Only the lines from the one with "79260614725" to the end of the data below should be given again, exactly, with both ends included and pictures omitted.

Brief descriptive captions
+--
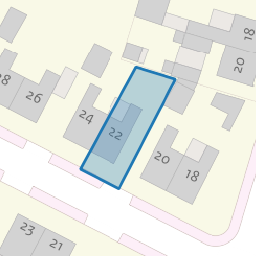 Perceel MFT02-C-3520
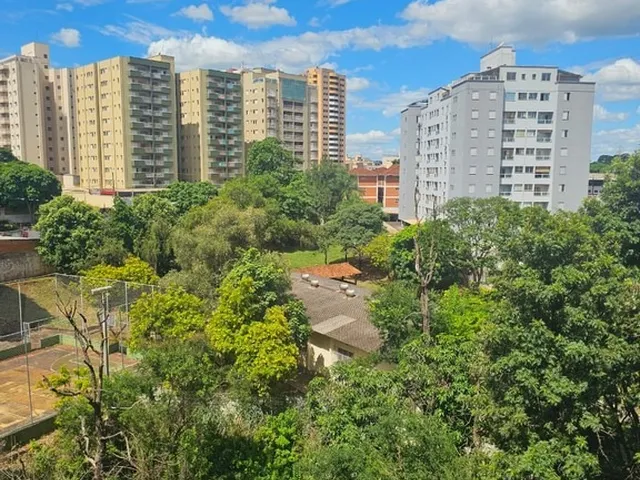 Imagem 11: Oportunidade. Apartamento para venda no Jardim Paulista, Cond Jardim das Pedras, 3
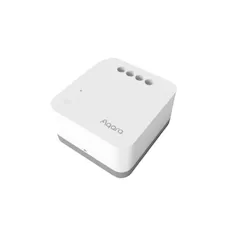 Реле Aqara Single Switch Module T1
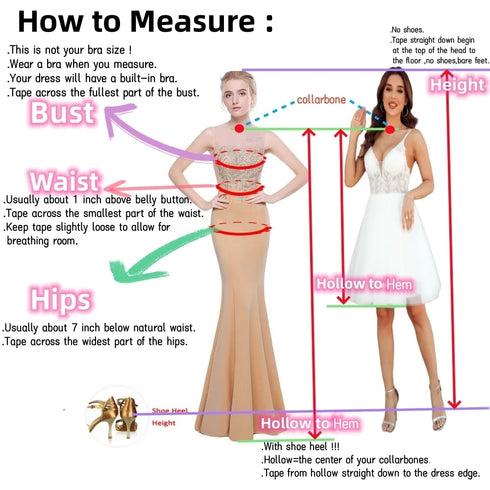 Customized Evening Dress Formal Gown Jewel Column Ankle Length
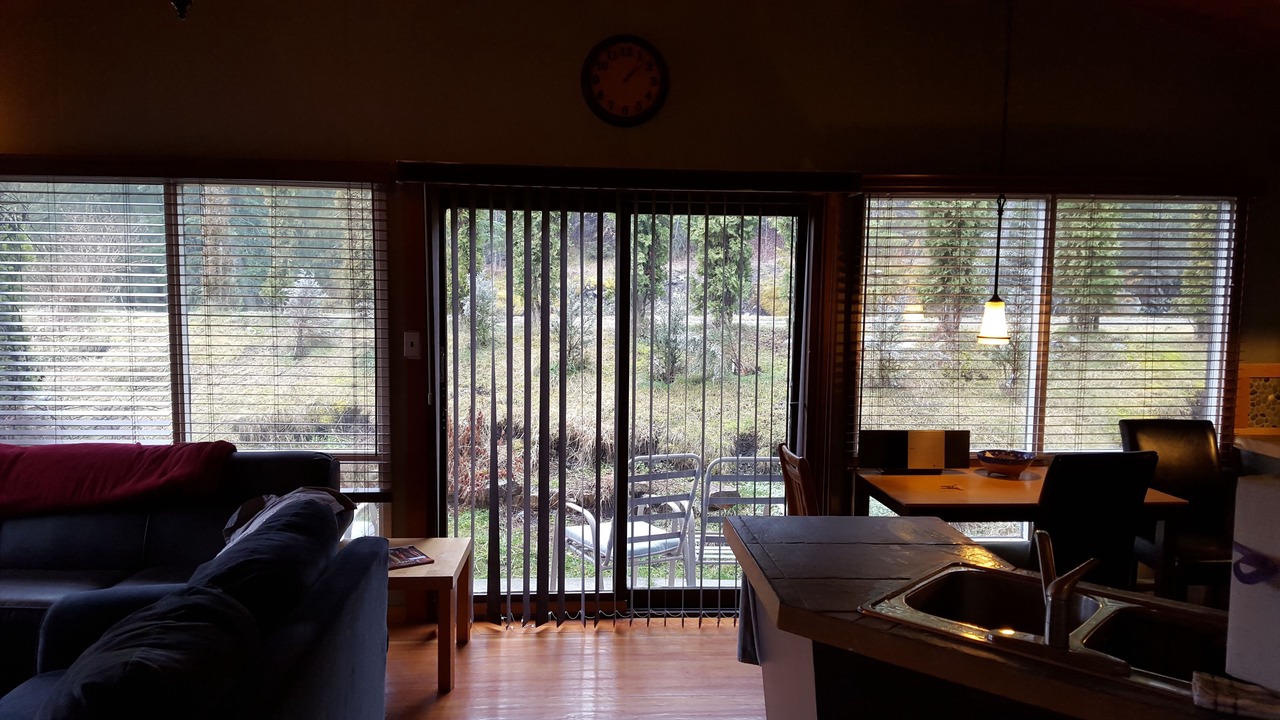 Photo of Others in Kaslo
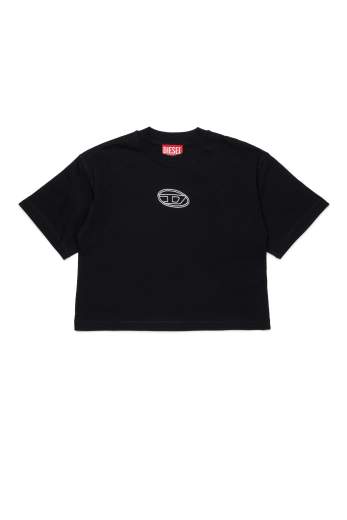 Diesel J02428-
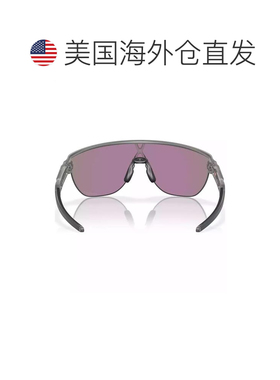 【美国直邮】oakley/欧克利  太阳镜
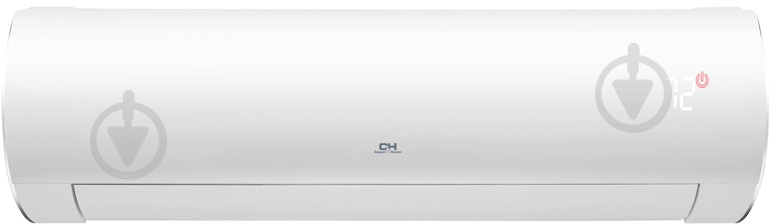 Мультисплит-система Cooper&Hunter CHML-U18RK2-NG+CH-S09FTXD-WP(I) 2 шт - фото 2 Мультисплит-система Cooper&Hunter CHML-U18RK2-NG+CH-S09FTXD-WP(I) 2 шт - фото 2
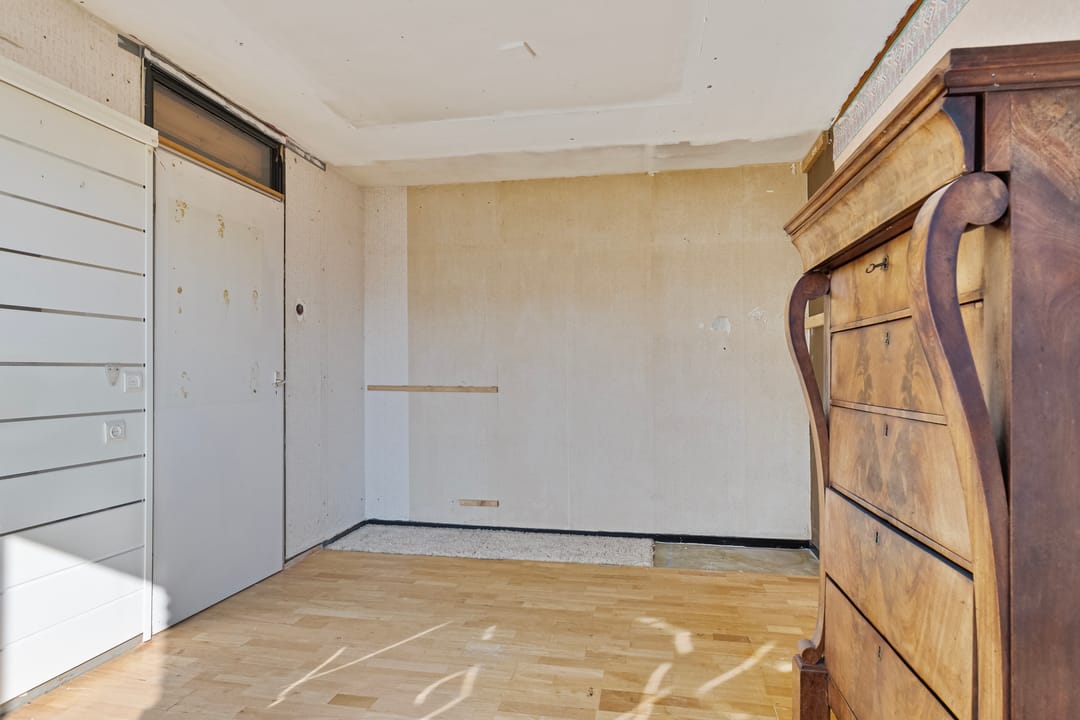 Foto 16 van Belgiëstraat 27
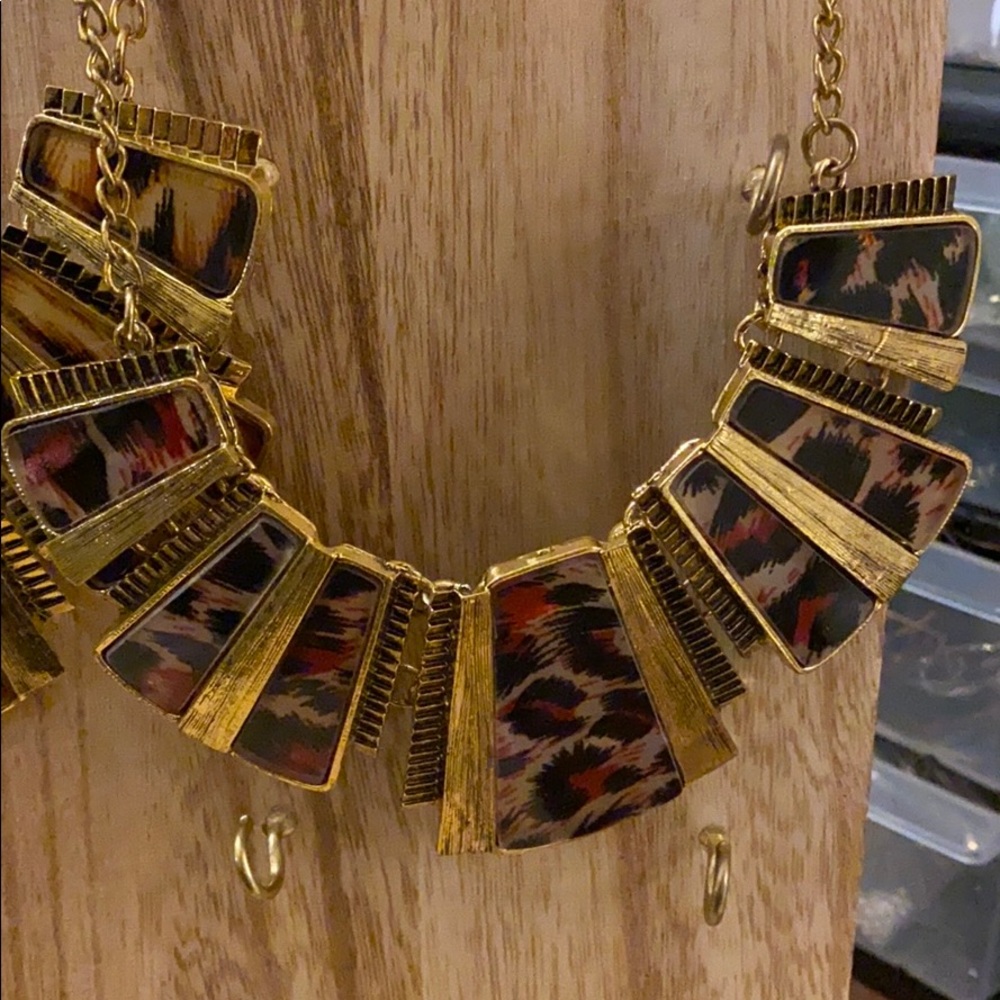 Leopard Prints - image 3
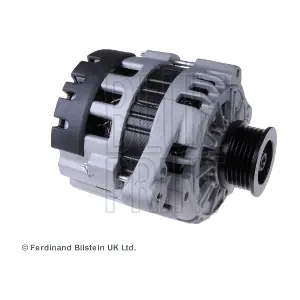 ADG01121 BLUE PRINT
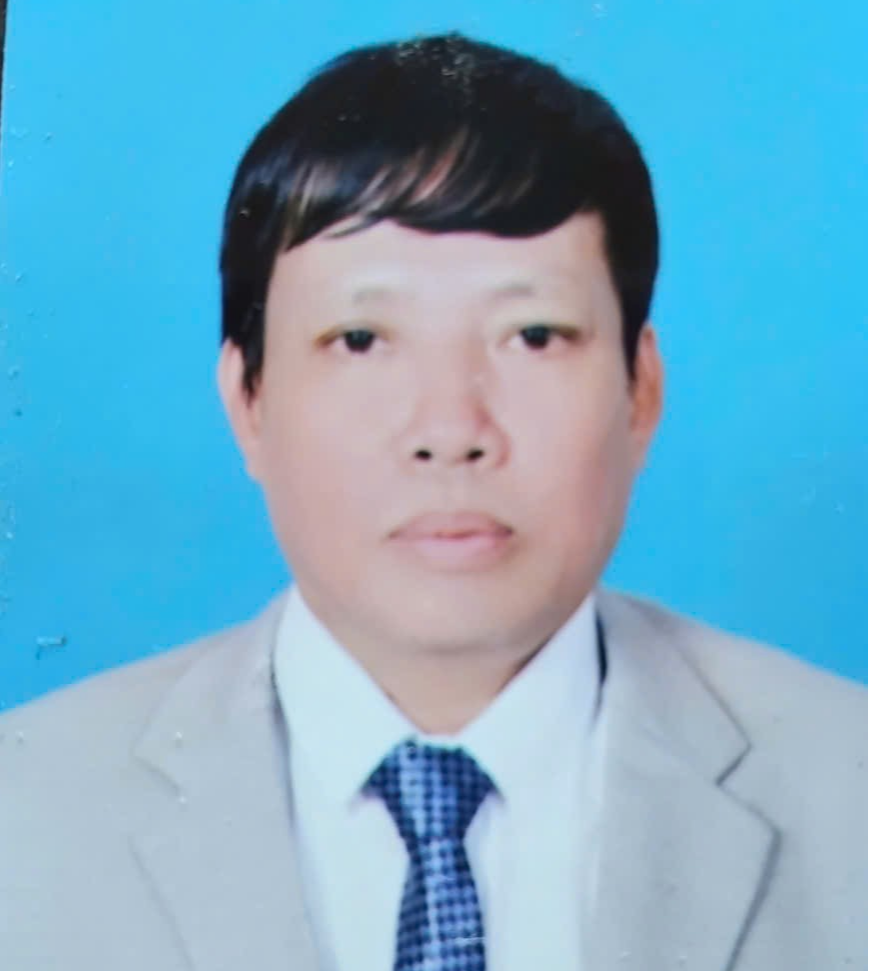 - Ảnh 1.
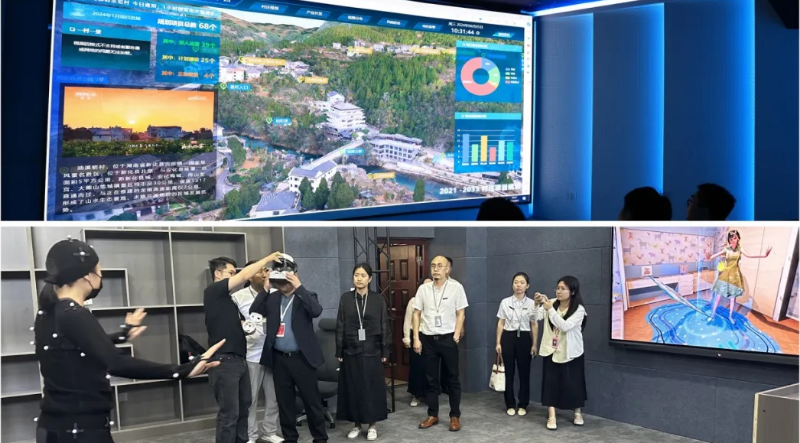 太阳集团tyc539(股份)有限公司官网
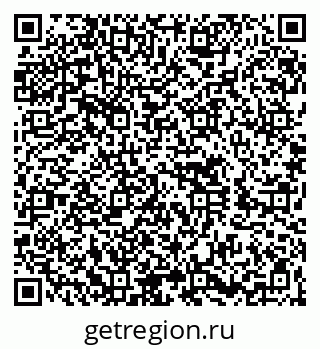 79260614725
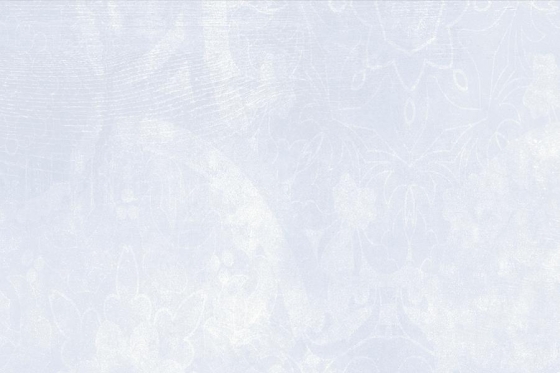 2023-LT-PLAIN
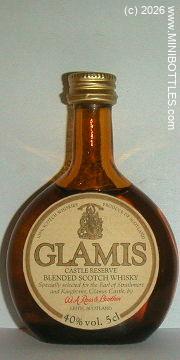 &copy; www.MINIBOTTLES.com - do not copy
+--
> Task answer:
 79260614725
 2023-LT-PLAIN
 &copy; www.MINIBOTTLES.com - do not copy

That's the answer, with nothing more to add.